J'ai commencé à étudier ce glacier en 91.
On a mis des balises.
Parce que les petits glaciers sont plus sensibles.
A l'époque, c'était une station de ski importante.
On avait là entre 4 et 6 hectares de glacier.
- Chacaltaya était la seule station de ski de Bolivie.
A plus de 5300m d'altitude, c'était aussi la piste de ski la plus haute du monde.
La disparition du glacier est-elle liée à des conditions locales, ou est-elle le signe précurseur d'un phénomène de grande ampleur?
- Avec les données qu'on avait en 91, on pensait que ce glacier aurait disparu en 2015, 2020, peut-être...
Et c'est allé beaucoup plus vite.
Et comme 80% des glaciers de la cordillère Royale ont à peu près cette taille, on s'attend à ce que beaucoup disparaissent.
- Les glaciers sont dans ces régions d'une importance capitale pour la biodiversité, l'approvisionnement en eau potable, l'irrigation et l'énergie hydroélectrique.
Leur disparition serait catastrophique pour la faune, la flore et les populations locales.
Depuis plus de 20 ans, Bernard Francou et son équipe tentent d'élucider les causes du recul des glaciers andins.
Leur enquête se déroule à plus de 6000m d'altitude.
- Etudier des glaciers ici, ça pose des problèmes physiques, physiologiques : le glaciologue doit monter jusqu'à 6000m, régulièrement.
Néanmoins, il y a un avantage à travailler sous les tropiques, c'est qu'ici, il n'y a pas vraiment d'hiver.
On peut donc faire du suivi assez fin de tous ces glaciers pendant toute l'année.
- Si l'hiver est peu marqué dans les Andes boliviennes, c'est parce qu'elles sont dans la zone intertropicale.
Les rayons du soleil tombent à la verticale quasiment toute l'année.
Les températures varient peu.
C'est le régime des précipitations qui marque les saisons.
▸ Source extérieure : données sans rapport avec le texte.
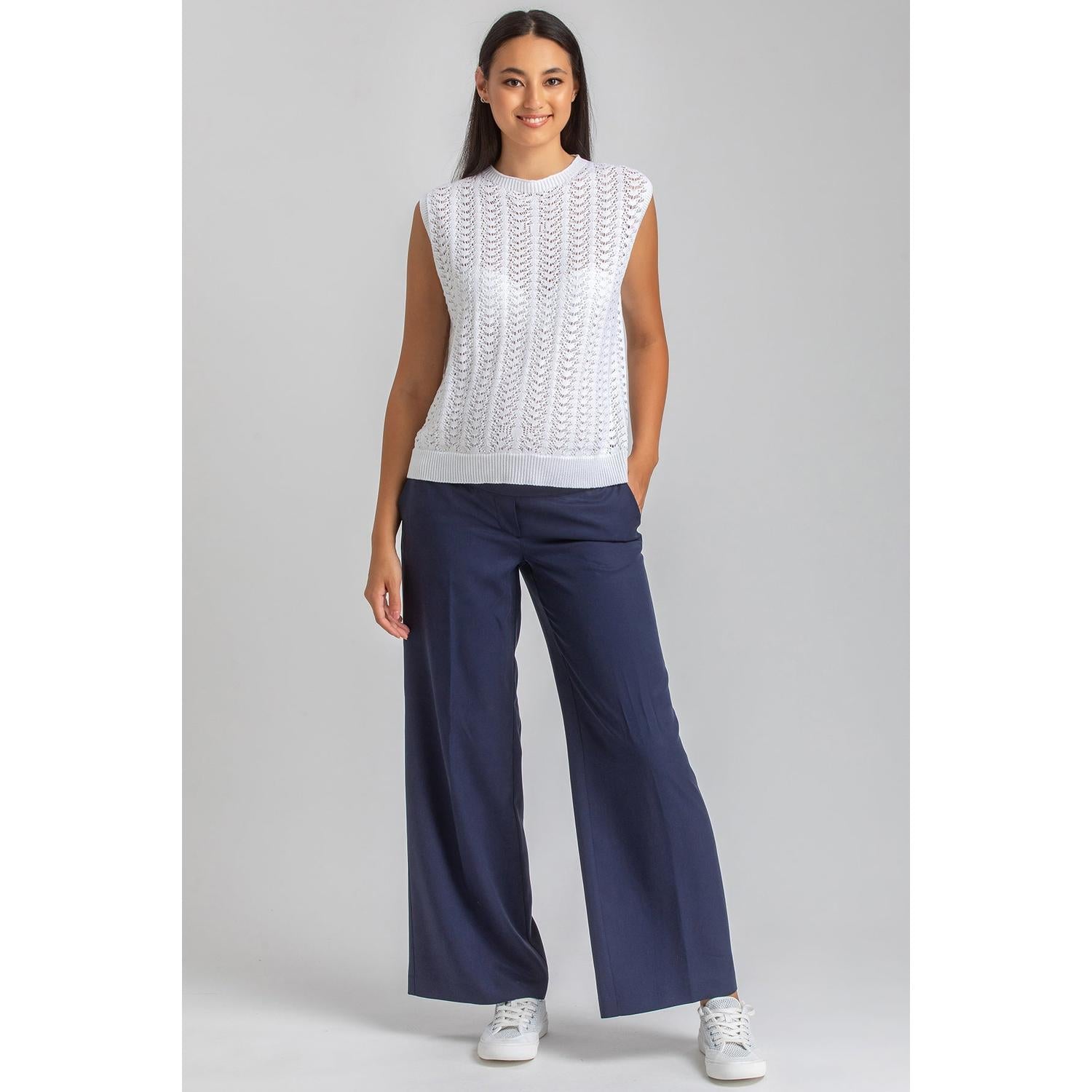 WARREN - Pantaloni Premaman a Gamba Larga Blu
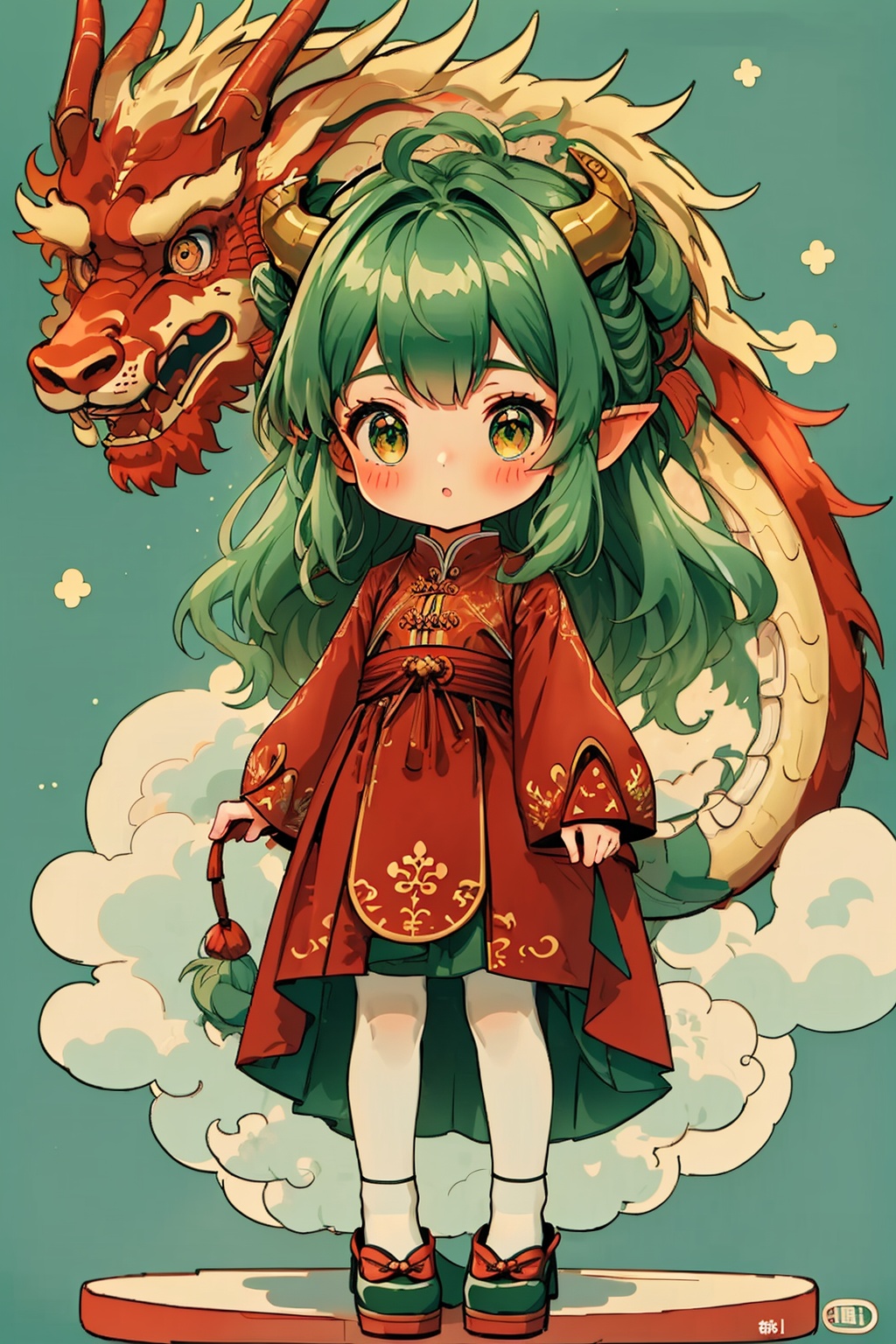 1girl, bangs, blush, chibi, dragon girl, dragon horns, dragon tail, full body, green hair, long sleeves, pointy ears, red dress, red flower, rope, solo, standing, tail, tentacles, white background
Le glaciologue Jean-Emmanuel Sicart travaille sur le lien probable entre le recul des glaciers et les variations climatiques qui affectent les deux saisons de la région.
Il analyse le rayonnement solaire et les précipitations que reçoit le glacier.
- Ici, on est dans une belle journée ensoleillée, et ça fond très peu.
Comment ça marche, ici, au point de vue saisonnier ?
- On a un contexte très diffèrent de ce qu'on connaît dans les Alpes, où on a un hiver bien marqué, des chutes de neige, ça fond pas...
et l'été, pas de chutes de neige et ça fond.
ici, les saisons sont dirigées par les précipitations et les nuages.
On a une saison sèche.
il peut y avoir deux mois sans précipitations.
Et effectivement, ça fond très peu.
Les nuits sont froides, la surface refroidit.
Le jour, il faut ramener la surface à zéro degré pour avoir de la fonte.
Il n'y a pas assez d'énergie pour faire fondre le glacier: on retombe dans un cycle de nuit.
Alors qu'en saison des pluies, il va y avoir beaucoup de fonte et en même temps des chutes de neige.
- Dans l'hémisphère Sud, c'est en décembre que le rayonnement solaire est le plus fort.
L'élévation de la température devrait provoquer la fonte de la glace.
Mais décembre est également au coeur de la saison des pluies.
Les chutes de neige, arrêtant une partie du rayonnement solaire, protègent le glacier.
Il suffit que la saison des pluies se décale de quelques jours pour que la machine se détraque.
Comprendre le recul des glaciers andins, c'est donc s'intéresser au climat et plus particulièrement aux facteurs régulant l'arrivée.
Il y a un lien étroit entre la fonte des glaciers et le plus grand régulateur climatique et thermique du monde, l'océan Pacifique,
qui s'étend à l'ouest des Andes, au pied de la Cordillère.
Cet océan stocke 70% de l'énergie solaire sous la forme d'une gigantesque réserve d'eau chaude, dont la superficie serait équivalente à celle de l'Europe.
Elle est à l'origine d'un phénomène climatique appelé "El Nino".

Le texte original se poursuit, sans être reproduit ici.